LibGuides: Web Scraping: Scraping Social Media

Choosing a Tool - API or Web Scraping

While web scraping is a powerful tool for gathering data from the web, it is not the only method. An API (application programming interface) can be used to request data directly from a website’s server rather than interacting with the HTML like with web scraping. You can think of it as your computer communicating directly with another, rather than parsing a website designed for human interaction.

APIs are powerful but can be limited. They only allow certain requests for information and their server decides how much information will be delivered. Take, for example, a weather service. Their API would allow you to request the forecasted weather for several of cities, find the annual rainfall for a region, and find historical high and low temperatures. It likely wouldn’t serve you images of weather-related news articles, the icons used to visually display the weather, or information on the organization that can be found in the “about” section of their webpage. When choosing to use an API or build a web scraping tool, consider what information is important to you and if the API serves all the information or just summarizes it.

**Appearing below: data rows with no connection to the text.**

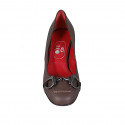 Women's pump shoe with accessory in taupe brown leather heel 7 - Available sizes:  42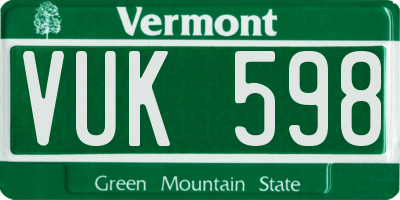 VT license plate VUK598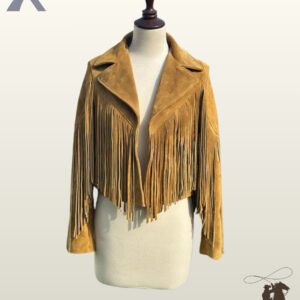 Front view of a open women's mustard tan suede western fringe jacket on a dress form mannequin highlighting V-chest fringe trim.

It is important to note that there are 2 kinds of API:

Free public APIs: Public APIs are available for many government and information services and some social media sites like Reddit.
APIs that require a key: A key is a special code needed to access API functionality for some services and typically must be paid for. Other social media sites, such as X or Meta’s products (Instagram, Facebook), utilize API keys and a paid plan must be subscribed to access them.

Because APIs share information on the web developer’s terms, there can be limits to the rate at which your machine can make requests and a cap as to how much you can access in a given period. Web scraping while respecting robots.txt can also impose rate limits. Consider the limitations of rate and data before deciding which approach better serves your research.

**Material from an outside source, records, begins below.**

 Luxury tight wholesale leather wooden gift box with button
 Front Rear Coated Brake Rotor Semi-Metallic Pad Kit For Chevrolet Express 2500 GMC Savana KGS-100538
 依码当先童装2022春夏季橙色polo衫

Working With APIs library guide.

Terms of Service - X (formerly Twitter)

X, formerly known as Twitter, is a social media platform where users share text and media posts. Its wide-scale adoption makes it a valuable resource for data on public discourse.

Visit our Scraping X (Twitter).

Terms of Service - Meta (Instagram & Facebook)

Meta, owner of Instagram, Facebook, and Threads, maintains the Meta Content Library for academic research. This library provides access to an archive of all publicly available information across these platforms and is maintained within the Social Media Archive (SOMAR) by the Inter-university Consortium for Political and Social Research (ICPSR) at the University of Michigan.

To gain API access to this database, one must apply to the ICPSR. Application periods are open only for certain windows, so consult their webpage for dates. For more information on the application requirements and process, visit the SOMAR Application Guide.

Social Media Scraping Tools and Guides

Instagram Scraper by Senthilnathan Karuppaiah

This javascript application is built to scrape Instagram posts without an API key while respecting the terms of service. Installation requirements and first steps can be found in the ReadMe on GitHub.

“Web Scraping X” from ScrapingDog.com

This article provides a step-by-step guide to scraping X using Python. Their method utilizes Beautiful Soup to parse the site’s HTML and XML and Selenium to browse dynamic content (elements that change with user interaction rather than static pages).

Examples of Social Media Web Scraping in Research

Camargo-Henriquez, I., & Nunez-Bernal, Y. (2022). A Web Scraping based approach for data research through social media: An Instagram case. V Congreso Internacional En Inteligencia Ambiental, Ingeniería de Software y Salud Electrónica y Móvil (AmITIC), 1–4. https://doi.org/10.1109/AmITIC55733.2022.9941290

This paper proposes a practical means of data retrieval from Instagram and discusses the applications of data gathered from the platform.

Leveraging web scraping and stacking ensemble machine learning techniques to enhance detection of major depressive disorder from social media posts. 2024. Social Network Analysis and Mining, 14(1), 239-. https://doi.org/10.1007/s13278-024-01392-w

In this paper, web scraping is used to pull large amounts of text from social media for analysis to identify depression in users. It also provides a comparison and analysis of similar projects to assess the efficacy of this methodology.